Helen wants to buy surplus heat from companies and properties. Open district heat increases diversity in heat procurement and promotes circular economy and climate-neutral energy production.
In open district heat, the district heating network is utilised in an even more diverse way than before. District heat can be produced with increased efficiency in terms of economy and the environment.
Two-way heat trade is meant for properties, companies and residential buildings, which use Helen’s district heat and the operation of which generate heat that is suitable as such for use in the district heating network. Trading possibilities are established in each case separately.

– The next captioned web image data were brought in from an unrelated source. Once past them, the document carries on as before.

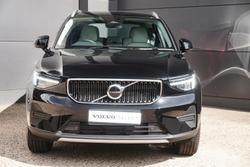 2024 Volvo XC40 Plus B4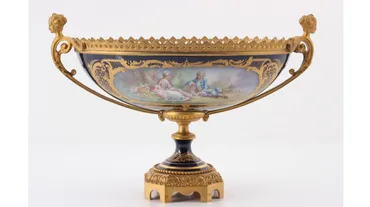 セーヴル磁器の世界：フランス宮廷を魅了した芸術の秘密とは？マリー・アントワネットも愛した、セーヴル磁器の美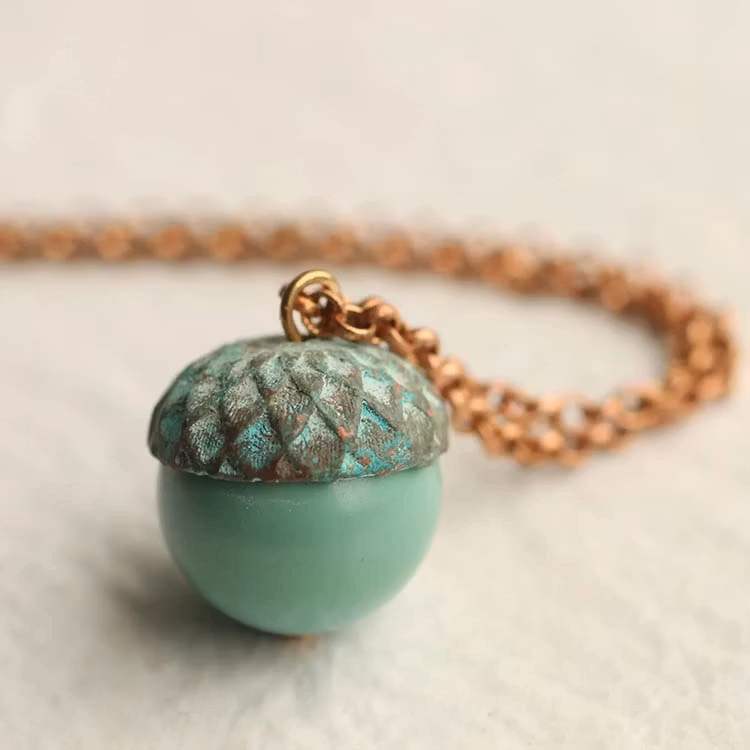 Halsband – Ekollon, turkos med ärgad koppar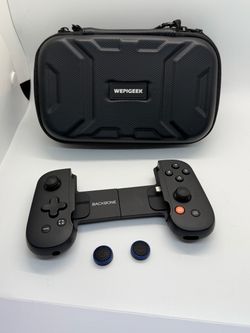 Backbone One Mobile Gaming Controller for iPhone with Carrying Case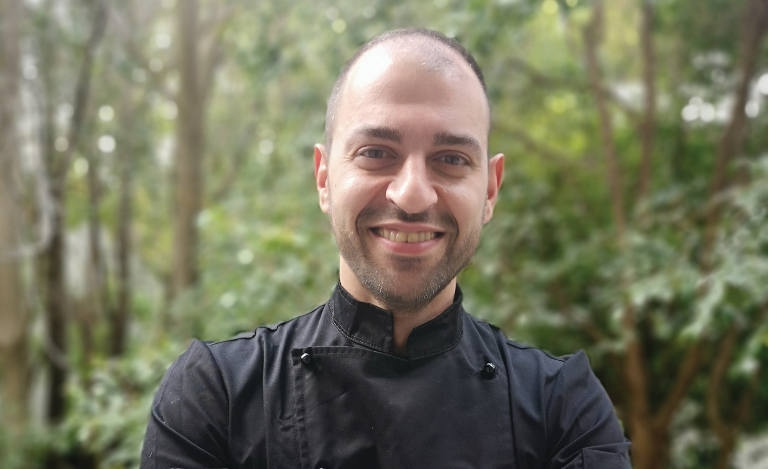 Σπύρος Μιχαήλ: Ο προσωπικός σεφ που μετατρέπει το σπίτι σας σε υψηλής ποιότητας εστιατόριο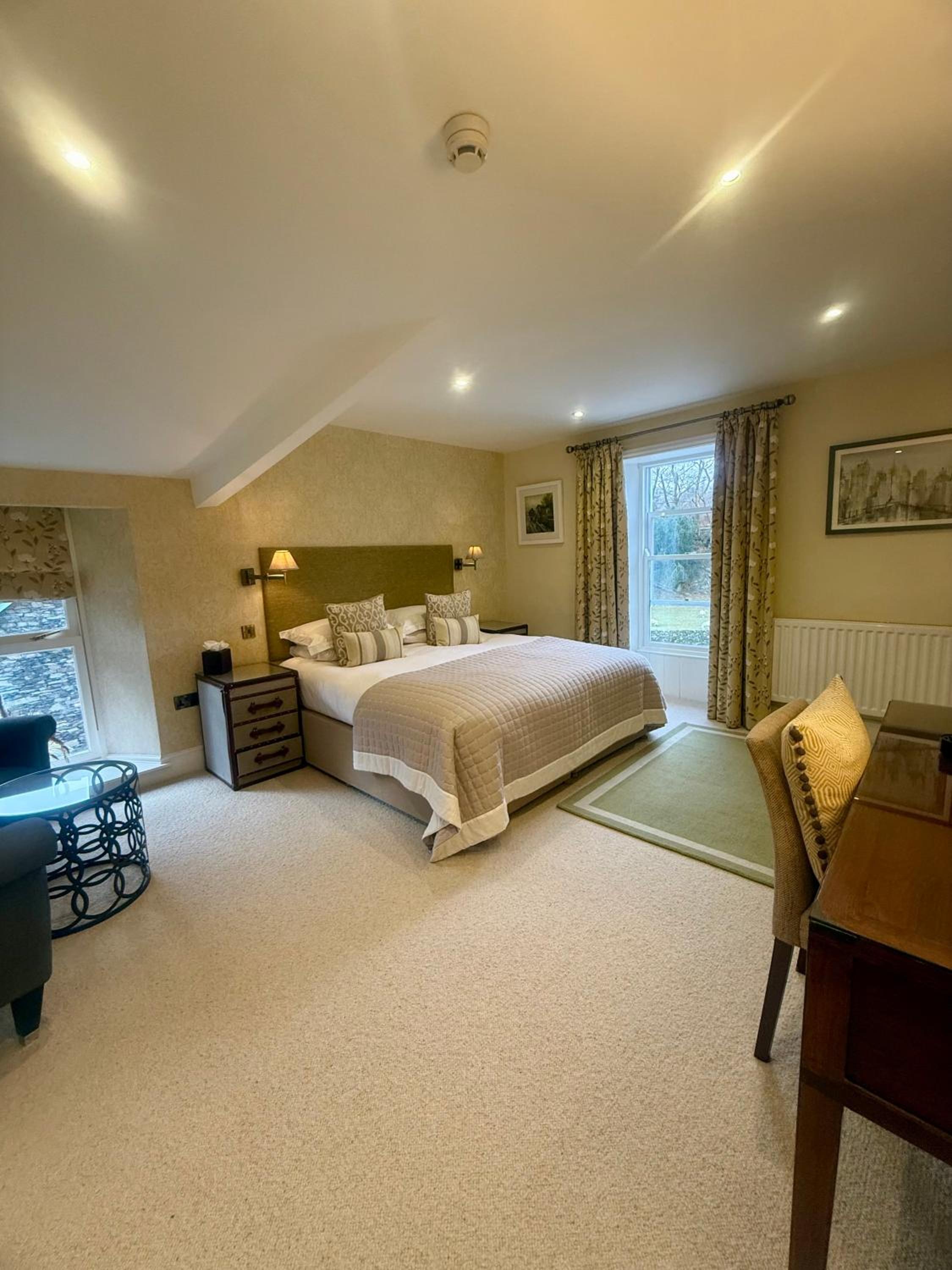 Single Room with Mountain View
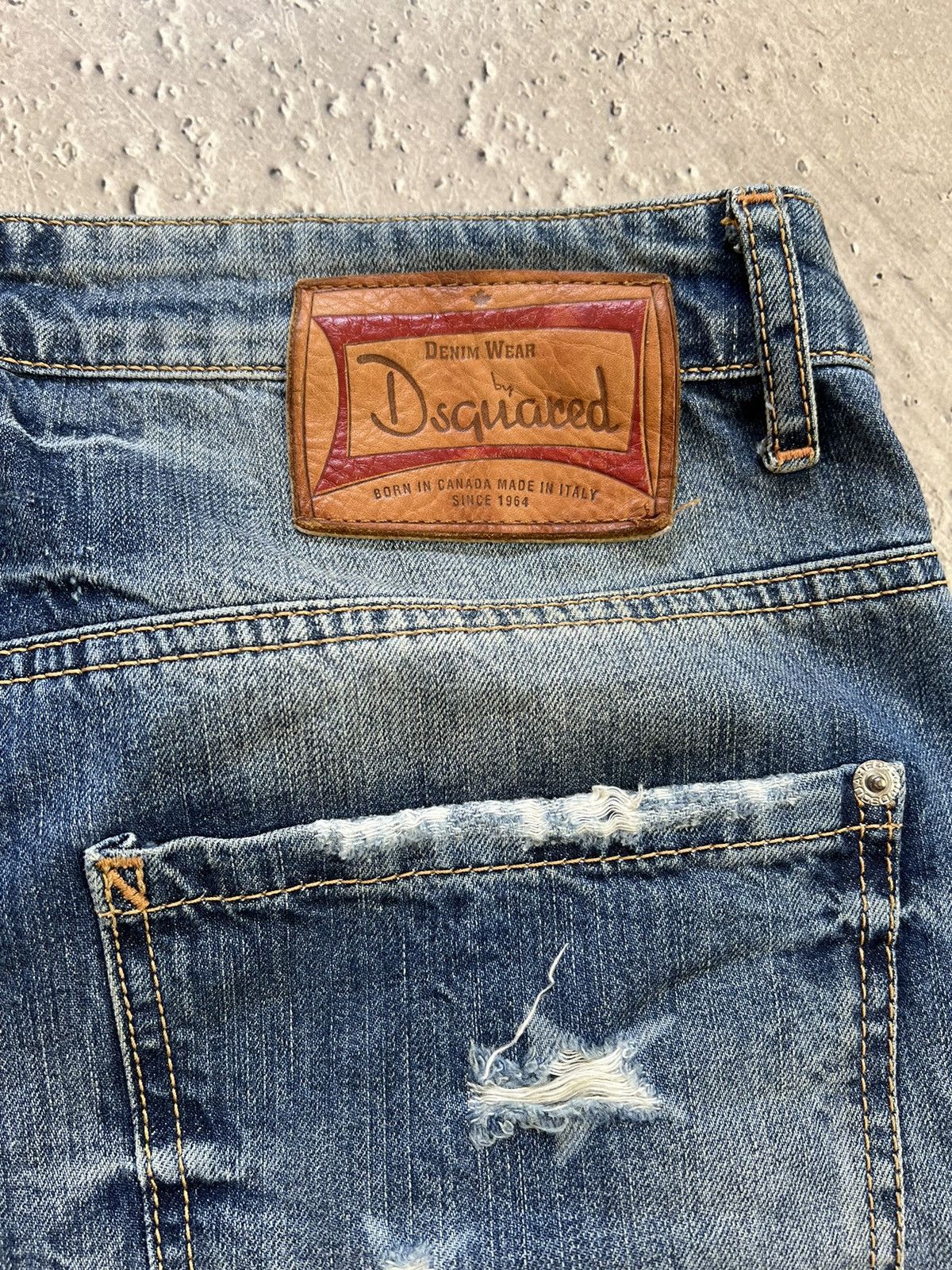 Dsquared2 Dsquared distressed luxury jeans shorts Size US 30 / EU 46 - 10 Thumbnail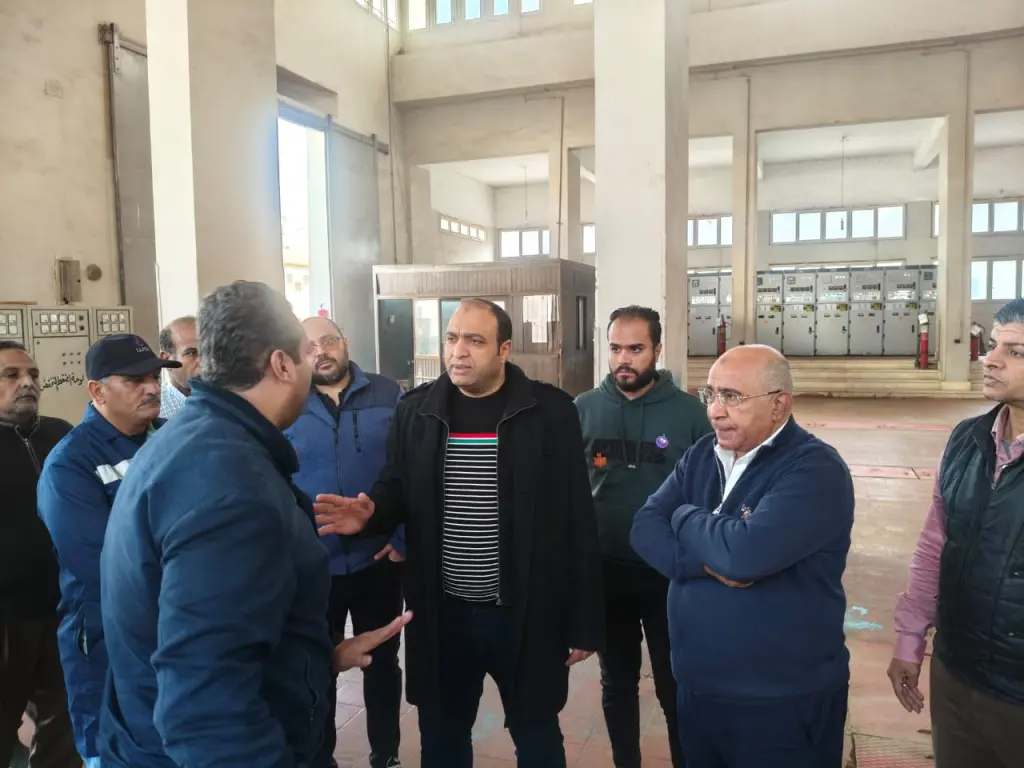رئيس مياه الجيزة يتفقد مواقع العمل ويتابع رفع كفاءة محطة منشأة البكاري
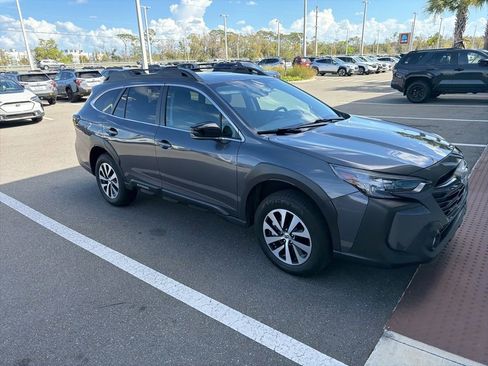 Certified 2023 Subaru Outback Premium image 3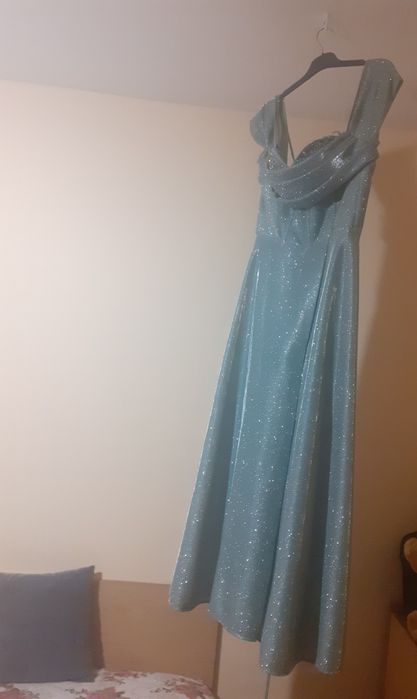 Красива рокля модел 2025 год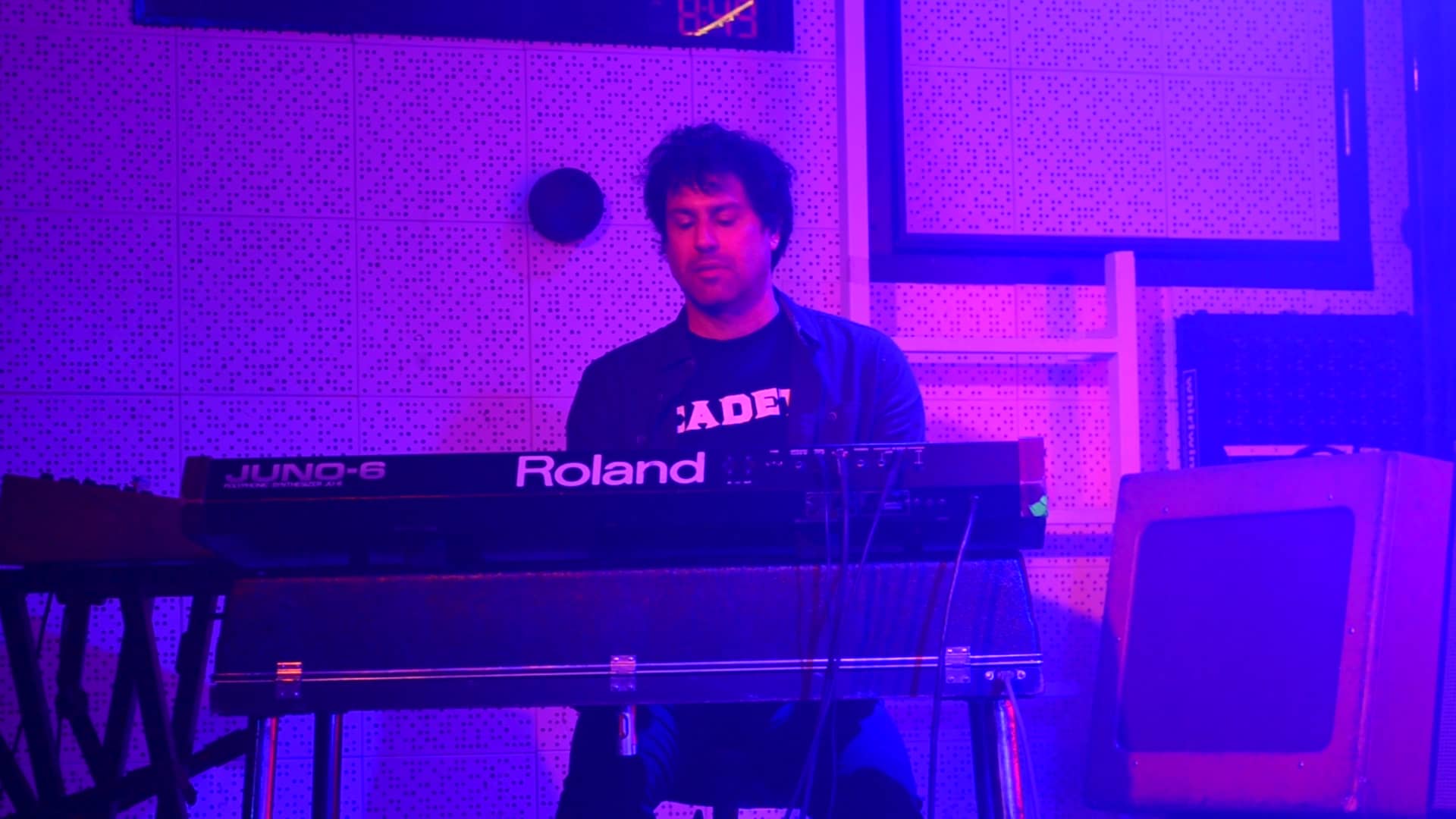 Greasy Neale Performs “Cherry Coloured Funk” (Cocteau Twins) on Vimeo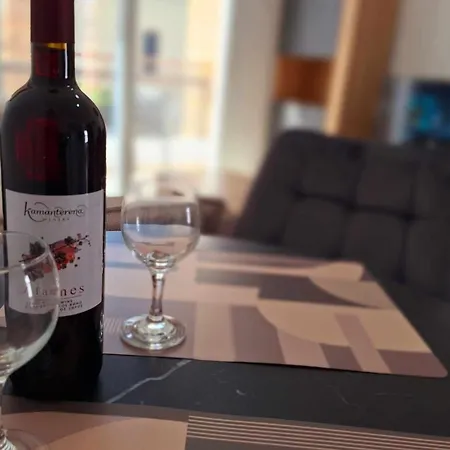 דירה Stylish Kato Close To & Vibrant Harbor Life פאפוס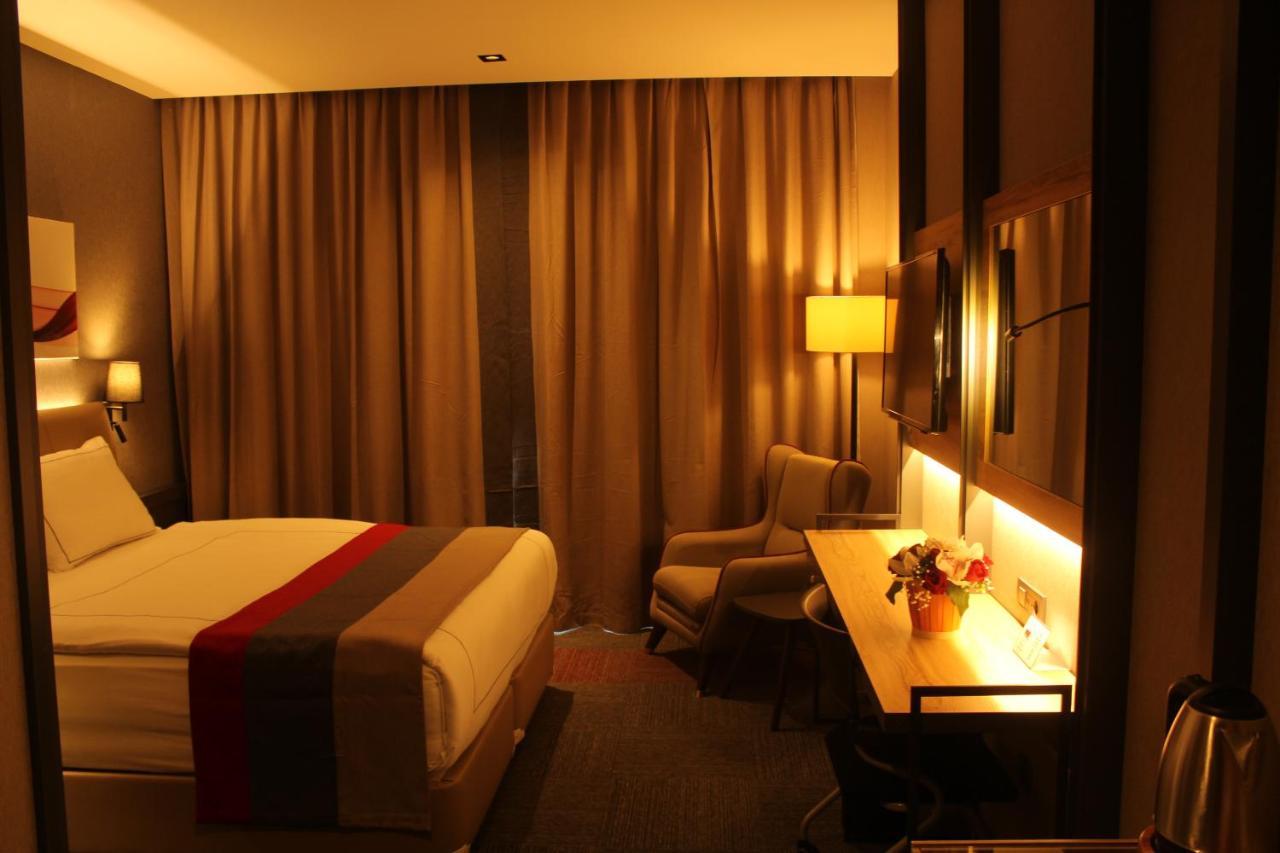 Ramada By Wyndham Tire Hotel Eksteriør billede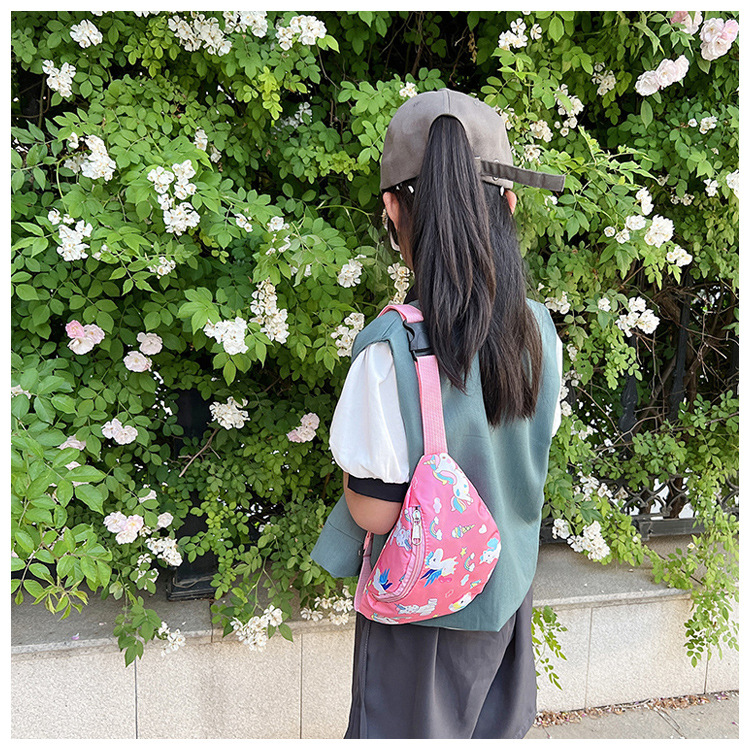 Fashionable boy and girl waist bags, trendy gift bags, children's chest bags, new cartoon dinosaur unicorn single-shoulder crossbody bags undefined
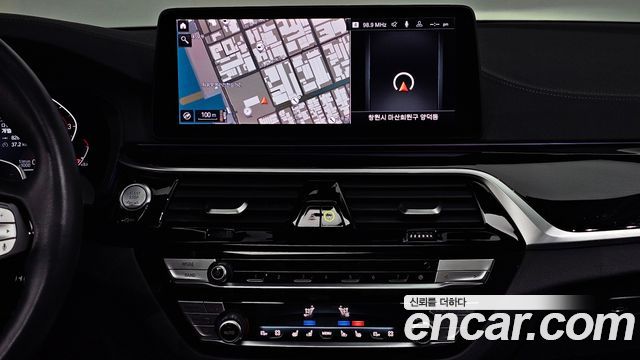 BMW 5-Series 2021 — photo 14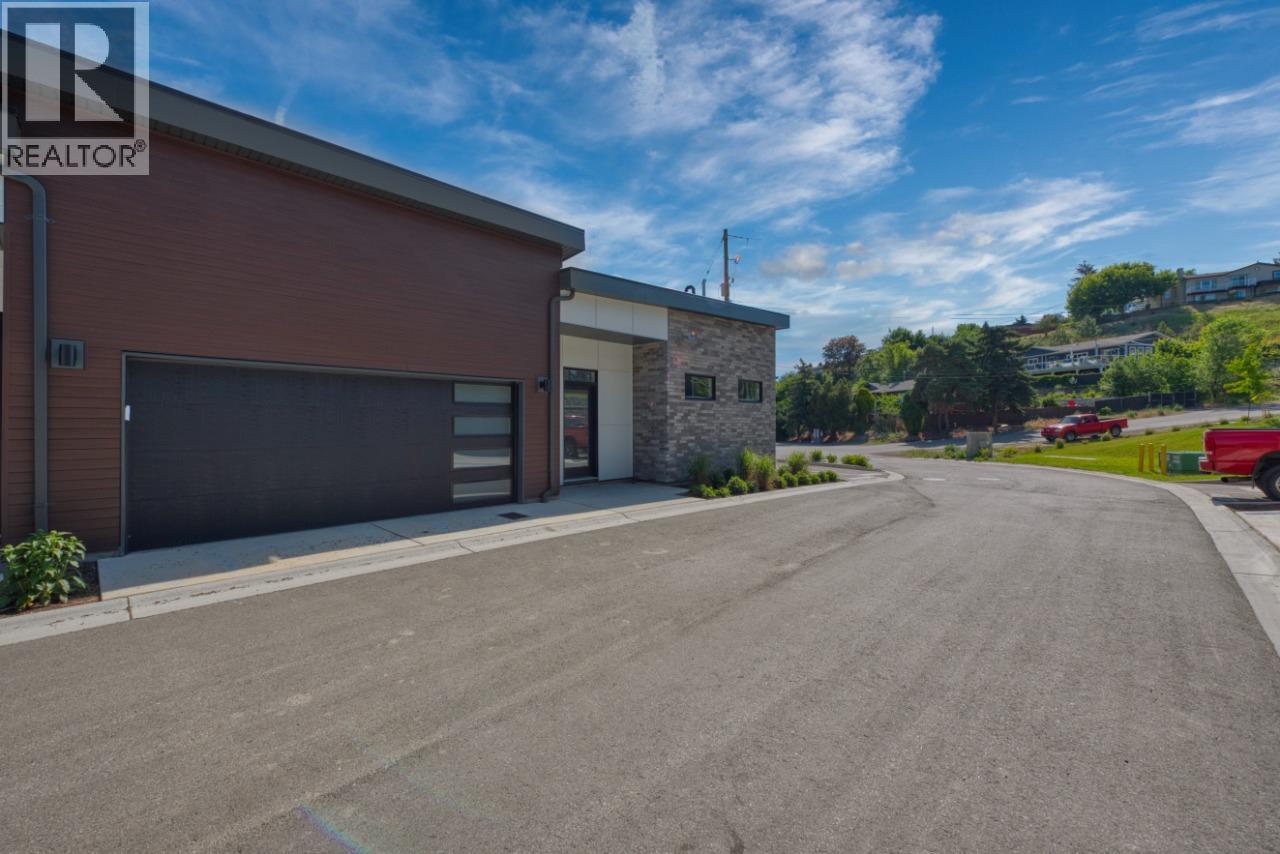 7599 Klinger Road Unit# 29, Okanagan Landing, British Columbia  V1H 0B2 - Photo 37 - 10392058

For example, industrial processes may produce directly utilisable heat with a sufficiently high temperature. On the other hand, real estate companies and housing co-operatives may have low-temperature heat that requires a temperature increase before it can be utilised in the district heating network.
“When the customer sells their surplus heat to Helen, they will also improve the cost-effectiveness of their energy efficiency measures, take part in emission-free heating in Helsinki and contribute to the promotion of climate neutrality,” says Helen’s Director Marko Riipinen.
“Helen wants to make as efficient use of the existing district heating network as possible. By utilising surplus heat, we can reduce the use of fossil fuels and improve the energy-efficiency of our energy system,” Riipinen continues.
The pricing of heat purchased by Helen is transparent and even-handed to all producers. The prices of purchased heat change according to the time of the year, and they are available on the helen.fi website
Open district heat means a two-way heat market where customers can buy district heat and sell the heat they have produced to an energy company.
Helen buys heat from sites, which produce heat that is suitable for utilisation as such in the district heating network. The temperature of district heat water varies between +80 and +115 ºC according to the time of year.
Heat generated in an ordinary residential building can be utilised by Helen when the property is using its own heat production equipment, such as heat pumps, which can be used for processing the heat for utilisation in the district heating network.
Helen pays for the heat it buys according to the public pricing model. The purchase price of heat varies according to the different pricing seasons of the year. It is impacted by the district heat production costs and the demand for district heat at any given time.